■ **TASK INSTRUCTIONS**
Leaving out every picture, copy the lines of the material below exactly, from the line containing "144 Dithering Bitmap Vector Shapes" through the line containing "Imagen 8 de".

■ **THE INPUT**
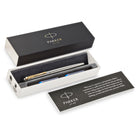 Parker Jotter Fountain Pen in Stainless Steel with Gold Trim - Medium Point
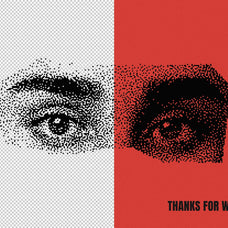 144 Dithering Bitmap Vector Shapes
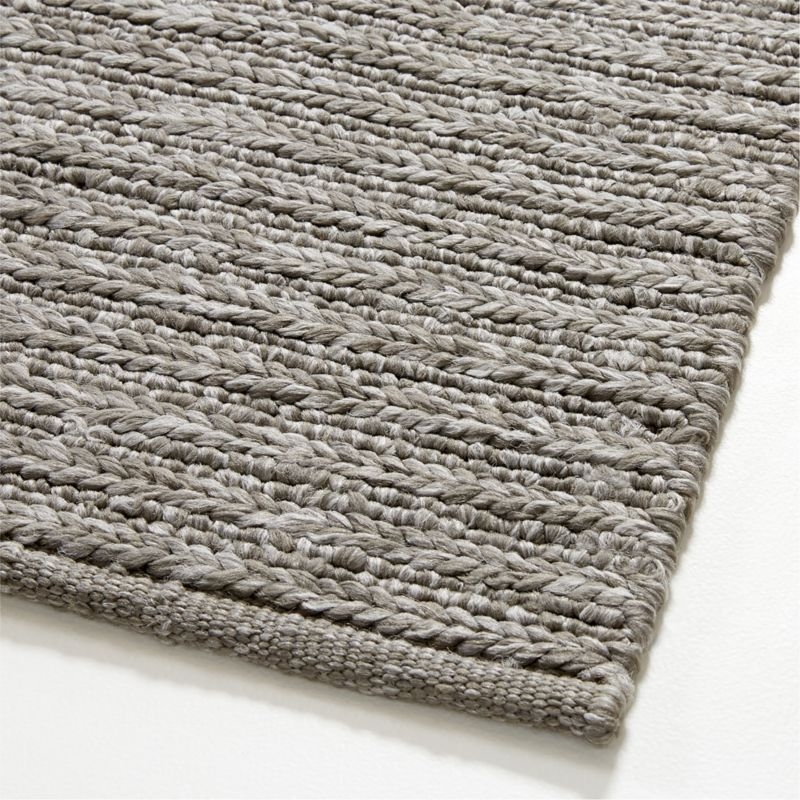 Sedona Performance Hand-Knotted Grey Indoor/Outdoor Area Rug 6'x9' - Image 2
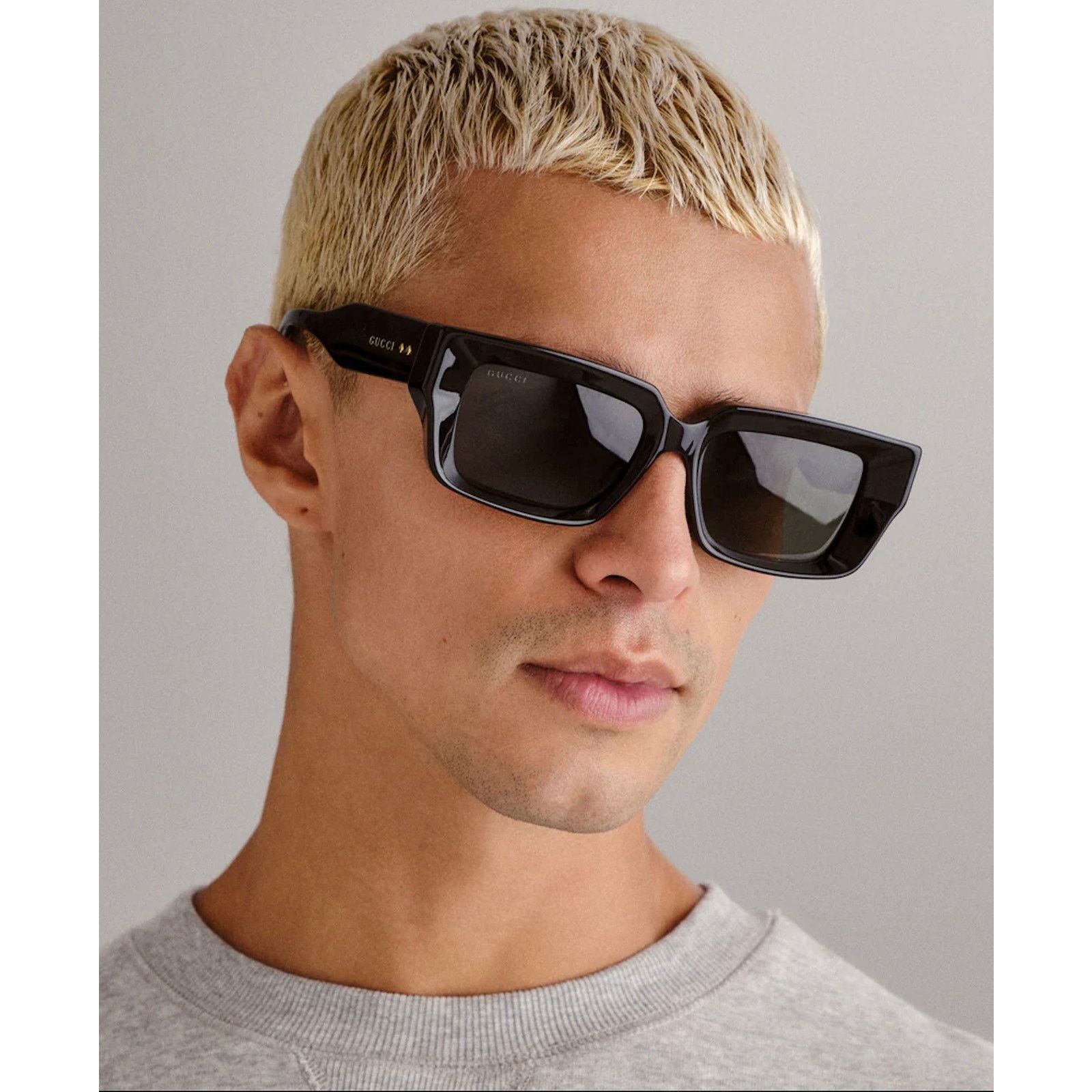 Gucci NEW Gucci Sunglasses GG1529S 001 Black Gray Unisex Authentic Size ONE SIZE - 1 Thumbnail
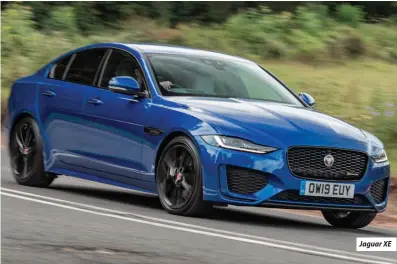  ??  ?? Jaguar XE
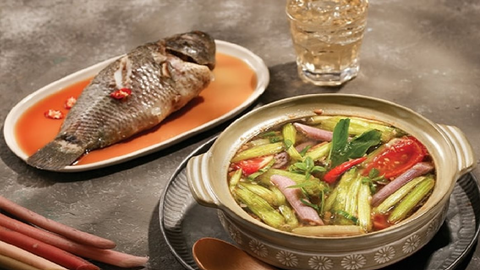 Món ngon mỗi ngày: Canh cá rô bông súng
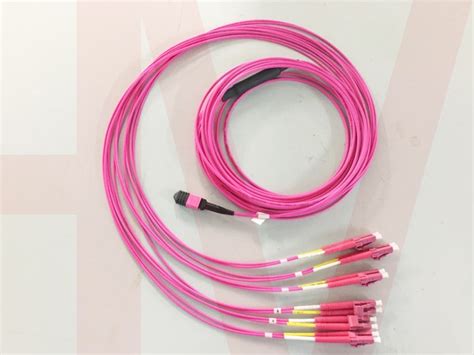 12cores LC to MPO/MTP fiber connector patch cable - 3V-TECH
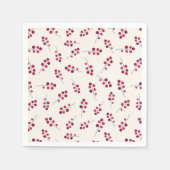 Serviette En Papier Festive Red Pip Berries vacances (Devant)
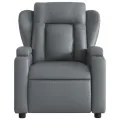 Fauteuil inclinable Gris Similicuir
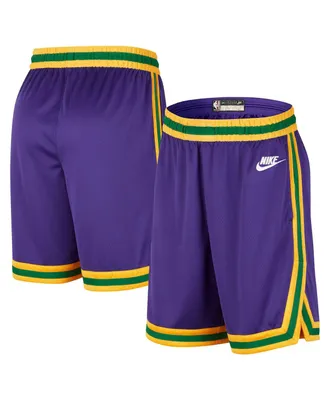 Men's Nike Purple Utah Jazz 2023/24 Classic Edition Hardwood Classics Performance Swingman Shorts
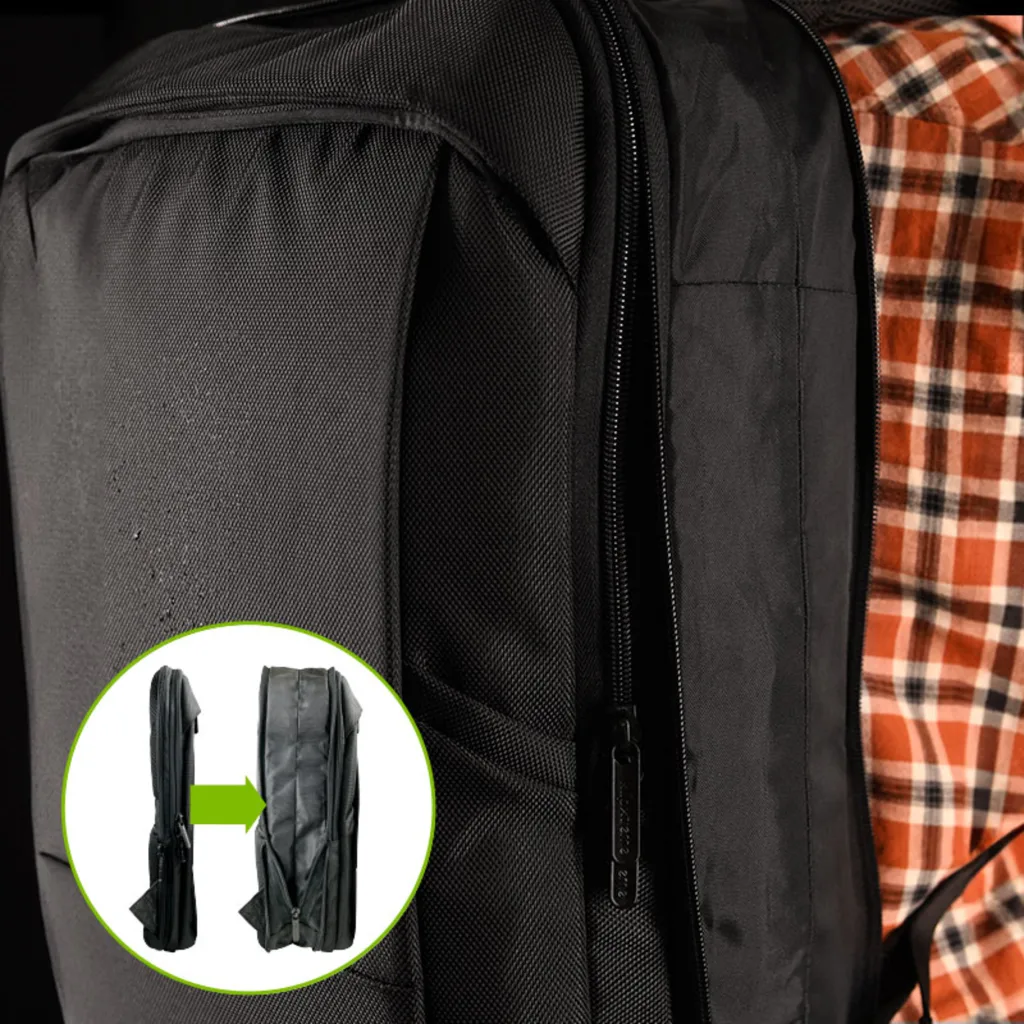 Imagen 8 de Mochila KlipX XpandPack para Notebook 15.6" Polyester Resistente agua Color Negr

...

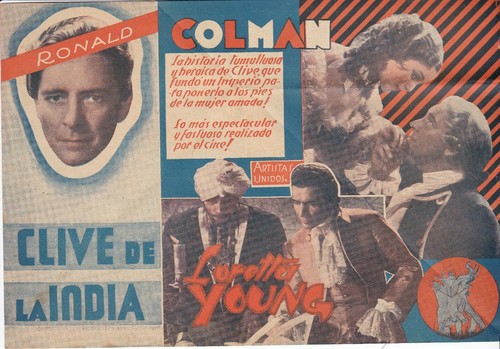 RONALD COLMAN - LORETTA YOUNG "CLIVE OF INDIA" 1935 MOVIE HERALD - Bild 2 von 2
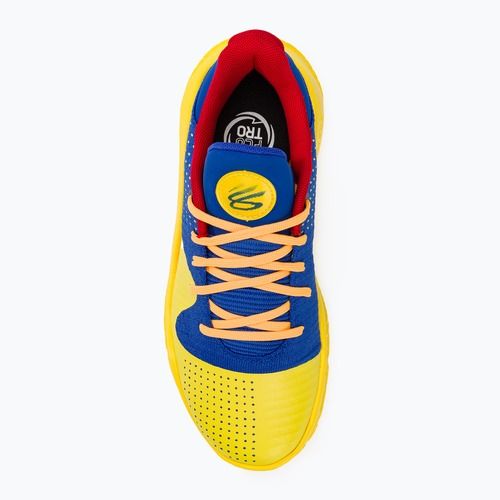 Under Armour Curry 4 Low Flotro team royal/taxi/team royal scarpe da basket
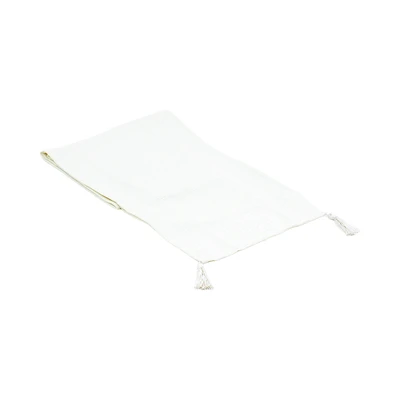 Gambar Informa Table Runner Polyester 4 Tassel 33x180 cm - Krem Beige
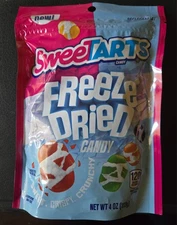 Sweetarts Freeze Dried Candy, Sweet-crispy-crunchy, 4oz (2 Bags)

■ **ANSWER TO THE EXERCISE**
 144 Dithering Bitmap Vector Shapes
 Sedona Performance Hand-Knotted Grey Indoor/Outdoor Area Rug 6'x9' - Image 2
 Gucci NEW Gucci Sunglasses GG1529S 001 Black Gray Unisex Authentic Size ONE SIZE - 1 Thumbnail
  ??  ?? Jaguar XE
 Món ngon mỗi ngày: Canh cá rô bông súng
 12cores LC to MPO/MTP fiber connector patch cable - 3V-TECH
 Serviette En Papier Festive Red Pip Berries vacances (Devant)
 Fauteuil inclinable Gris Similicuir
 Men's Nike Purple Utah Jazz 2023/24 Classic Edition Hardwood Classics Performance Swingman Shorts
 Imagen 8 de Mochila KlipX XpandPack para Notebook 15.6" Polyester Resistente agua Color Negr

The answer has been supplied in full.